Source code in strelka/src/python/strelka/scanners/scan_seven_zip.py
class ScanSevenZip(strelka.Scanner):
    """Extracts files from 7zip archives"""

    EXCLUDED_ROOT_DIRS: list[str] = []

    def scan(self, data: bytes, file: strelka.File, options: dict, expire_at) -> None:
        file_limit = options.get("limit", 100)
        tmp_directory = options.get("tmp_file_directory", "/tmp/")
        scanner_timeout = options.get("scanner_timeout", 150)
        password_file = options.get("password_file", "/etc/strelka/passwords.dat")
        log_extracted_pws = options.get("log_pws", False)
        brute = options.get("brute_force", False)
        min_length = options.get("min_length", 1)
        max_length = options.get("max_length", 5)
        crack_pws = options.get("crack_pws", True)

        self.event["total"] = {"files": 0, "extracted": 0}
        self.event["files"] = []
        self.event["hidden_dirs"] = []
        self.event["meta"] = {}

        extracted_pw = ""

        with tempfile.NamedTemporaryFile(dir=tmp_directory, mode="wb") as tmp_data:
            tmp_data.write(data)
            tmp_data.flush()
            tmp_data.seek(0)

            if not tmp_data:
                self.flags.append("7zip_tmp_error")
                return

            (stdout, stderr) = subprocess.Popen(
                ["7zz", "l", tmp_data.name],
                stdout=subprocess.PIPE,
                stderr=subprocess.PIPE,
            ).communicate(timeout=scanner_timeout)

            if crack_pws and self.parse_7zip_password(stdout.decode("utf-8")):
                sevenzip2john = password_cracking.sevenzip2john(data, tmp_directory)
                if not sevenzip2john:
                    self.flags.append("7z2john_output_empty")
                    return

                extracted_pw = password_cracking.crack_john(
                    self,
                    "/jtr/",
                    tmp_directory,
                    hashes=sevenzip2john,
                    password_file=password_file,
                    min_length=min_length,
                    max_length=max_length,
                    scanner_timeout=scanner_timeout,
                    brute=brute,
                )

                if not extracted_pw:
                    self.flags.append("Could not extract password")
                    return

                if log_extracted_pws:
                    self.event["cracked_password"] = extracted_pw

            if extracted_pw:
                self.extract_7zip(
                    data,
                    tmp_directory,
                    scanner_timeout,
                    expire_at,
                    file_limit,
                    password=extracted_pw.decode("utf-8"),
                )
            else:
                self.extract_7zip(
                    data, tmp_directory, scanner_timeout, expire_at, file_limit
                )

    def extract_7zip(
        self, data, tmp_dir, scanner_timeout, expire_at, file_limit, password=""
    ):
        """Decompress input file to /tmp with 7zz, send files to coordinator"""
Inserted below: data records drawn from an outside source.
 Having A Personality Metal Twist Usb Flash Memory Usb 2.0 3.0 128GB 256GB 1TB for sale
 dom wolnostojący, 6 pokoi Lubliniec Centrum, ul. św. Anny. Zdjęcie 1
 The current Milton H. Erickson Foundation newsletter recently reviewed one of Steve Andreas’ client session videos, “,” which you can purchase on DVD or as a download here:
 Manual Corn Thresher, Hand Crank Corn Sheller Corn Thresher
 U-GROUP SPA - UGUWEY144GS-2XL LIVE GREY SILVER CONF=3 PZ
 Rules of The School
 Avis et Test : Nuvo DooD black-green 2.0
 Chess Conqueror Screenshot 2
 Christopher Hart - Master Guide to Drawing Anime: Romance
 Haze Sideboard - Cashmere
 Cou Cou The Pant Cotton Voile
        # Check if 7zip package is installed
        if not shutil.which("7zz"):
            self.flags.append("7zip_not_installed_error")
            return

        with tempfile.NamedTemporaryFile(dir=tmp_dir, mode="wb") as tmp_data:
            tmp_data.write(data)
            tmp_data.flush()
            tmp_data.seek(0)

            if not tmp_data:
                self.flags.append("7zip_tmp_error")
                return

            with tempfile.TemporaryDirectory() as tmp_extract:
                if password:
                    (stdout, stderr) = subprocess.Popen(
                        [
                            "7zz",
                            "x",
                            tmp_data.name,
                            f"-o{tmp_extract}",
                            f"-p{password}",
                        ],
                        stdout=subprocess.PIPE,
                        stderr=subprocess.PIPE,
                    ).communicate(timeout=scanner_timeout)
                else:
                    (stdout, stderr) = subprocess.Popen(
                        ["7zz", "x", tmp_data.name, f"-o{tmp_extract}"],
                        stdout=subprocess.PIPE,
                        stderr=subprocess.PIPE,
                    ).communicate(timeout=scanner_timeout)
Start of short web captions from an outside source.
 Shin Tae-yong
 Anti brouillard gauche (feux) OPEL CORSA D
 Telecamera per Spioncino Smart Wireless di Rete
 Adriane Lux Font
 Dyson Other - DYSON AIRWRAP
                def get_all_items(root, exclude=None):
                    """Iterates through filesystem paths"""
                    if exclude is None:
                        exclude = []
                    for item in root.iterdir():
                        if item.name in exclude:
                            continue
                        yield item
                        if item.is_dir():
                            yield from get_all_items(item)
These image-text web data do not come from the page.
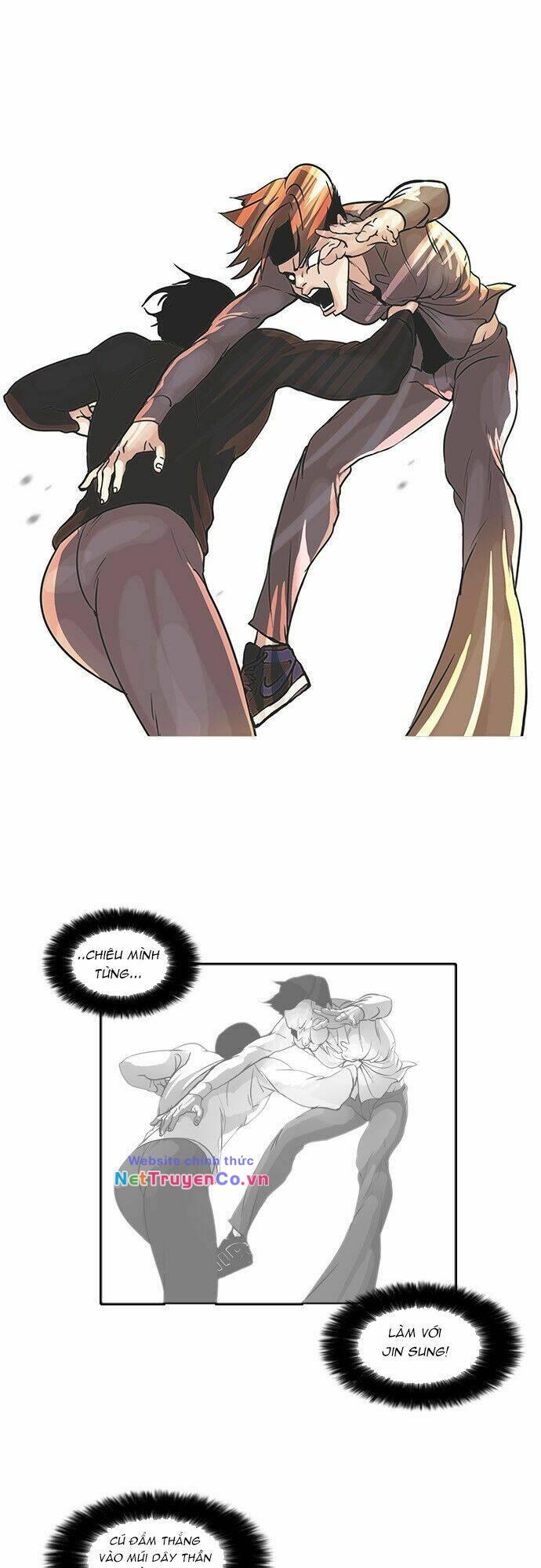 Hoán Đổi Diệu Kỳ Chap 37 - Next Chap 38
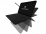 Venom BlackBook Flip Mini 11 4G LTE (R138034G)  Image
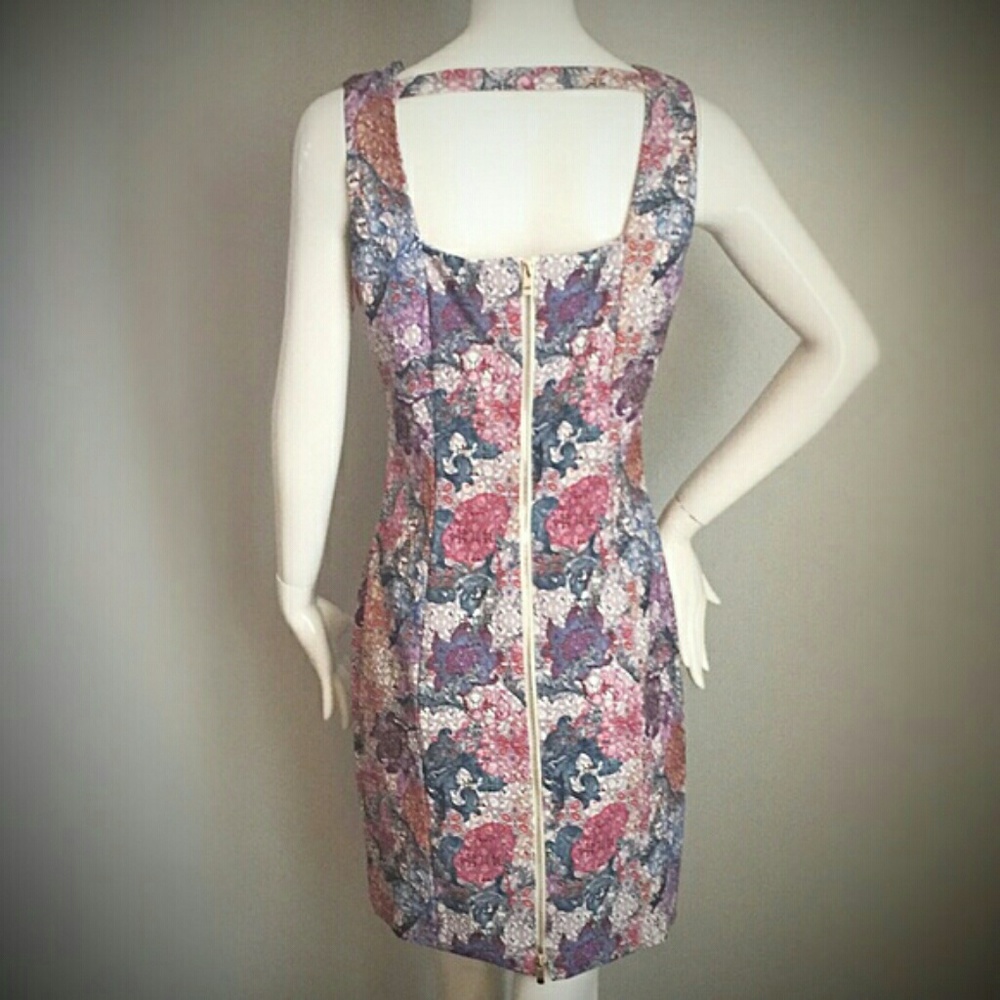 Amazing Floral H&M dress!! - Picture 2 of 6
                # Iterate over extracted files, except excluded paths
                for name in get_all_items(
                    pathlib.Path(tmp_extract), self.EXCLUDED_ROOT_DIRS
                ):
                    if not name.is_file():
                        continue

                    if self.event["total"]["extracted"] >= file_limit:
                        self.flags.append("file_limit_error")
                        break

                    relname = os.path.relpath(name, tmp_extract)
                    with open(name, "rb") as extracted_file:
                        # Send extracted file back to Strelka
                        self.emit_file(extracted_file.read(), name=relname)

                    self.event["total"]["extracted"] += 1

            if password:
                (stdout, stderr) = subprocess.Popen(
                    ["7zz", "l", tmp_data.name, f"-p{password}"],
                    stdout=subprocess.PIPE,
                    stderr=subprocess.PIPE,
                ).communicate(timeout=scanner_timeout)
            else:
                (stdout, stderr) = subprocess.Popen(
                    ["7zz", "l", tmp_data.name],
                    stdout=subprocess.PIPE,
                    stderr=subprocess.PIPE,
                ).communicate(timeout=scanner_timeout)
            self.parse_7zip_stdout(stdout.decode("utf-8"), file_limit)

    def parse_7zip_password(self, output_7zip):
        # Method = LZMA2:14 7zAES
        regex_method = re.compile(
            r"Method = (?P<compression>[^ ]+) ?(?P<encryption>.*)"
        )

        # Enter password (will not be echoed):
        regex_pompt = re.compile(r"(?P<prompt>Enter password)")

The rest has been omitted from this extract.